A Brief History of the Dead describes a limbo inhabited by souls still remembered by the living. Only when the deceased have been completely forgotten do they pass to the next stage of the afterlife. In “The Ceiling,” a story in Things That Fall From the Sky, a marriage unravels as the sky lowers, inexorably, to the ground. In The Illumination, pain is visible. It radiates from its victims for all to see.

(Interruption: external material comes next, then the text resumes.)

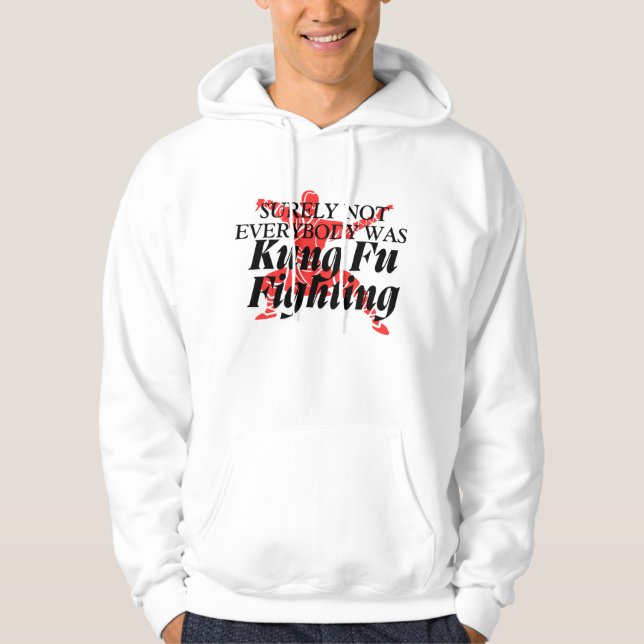 Hoodies l not all var Kung fu Fighting Trend Hoodie (Framsida)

Kevin Brockmeier’s novels and stories are powered by brilliant, magical ideas. Some of them read as emotional allegories––preserving the memory of a lost loved one is a lot like keeping her spirit alive on an ethereal plane, and a sky that is literally falling is a pretty direct metaphor for a failing marriage’s claustrophobic despair. Others are more mysterious. In the title story in Things That Fall From the Sky, a slightly out-of-touch librarian returns the friendly gestures of a stranger who tells her wild, impossible stories. Blood, live frogs, and fish raining from the sky. “Real wrath of God type stuff,” as Ray Stantz says in Ghostbusters.

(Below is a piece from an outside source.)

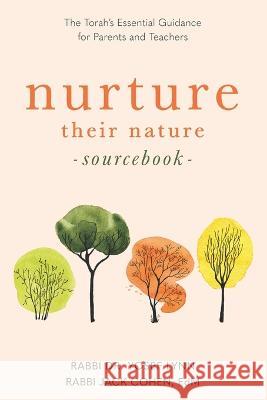 Nurture their Nature Sourcebook: The Torah's Essential Guidance for Parents and Teachers Dr Rabbi Yosef Lynn Rabbi Jack Cohen Edm  9781957579726 Mosaica Press Inc - książka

So you might approach A Few Seconds of Radiant Filmstrip, Brockmeier’s memoir of his seventh-grade year in Little Rock, Arkansas, wondering how he will handle a story from so-called real life. In Little Rock, people don’t speak to each other exclusively in song (as they do in “A Fable Ending in the Sound of a Thousand Parakeets”), nor has the town (as far as we know) been blanketed by intermittent silences (“The Year of Silence”). What happens to a Kevin Brockmeier story when you set it in the real world, instead of the enchanted one next door?
The answer is it becomes less magical, but not by much. Even in the realm of nonfiction, life for Kevin Brockmeier is a vivid and occasionally surreal dream. Like Brockmeier’s other work, A Few Seconds of Radiant Filmstrip is infused with wonder, recited in a gentle voice, and threaded with a trace of sadness.
We meet Kevin in the first weeks of his first year at Central Arkansas Christian junior and senior high. He is feeling like a different person and wondering why so much has to change. He doesn’t quite know who he is, and yet he knows who he is becoming, even if he doesn’t know he knows.
“Kevin is good with stories and always has been,” Brockmeier writes. “[H]e likes to write mystery stories with himself as the detective and his classmates as the kidnap victims… or superhero stories that mingle the Marvel Universe together with the DC Universe, or science fiction stories about a motorcyclist named Ace who leads two separate lives, walking into one the instant he falls asleep in the other…”
A flashback at a traveling amusement park serves as a premonition of self-discovery. In it, Kevin is standing over a busy street, watching an orange peel teeter on a sunlit concrete ledge as he holds the tail of someone’s shirt.
“For the rest of the day,” Brockmeier writes, “he feels as if he is on the verge of understanding something momentous, something he knew long ago, knew to his bones and then forgot, a hundred years before he was alive.”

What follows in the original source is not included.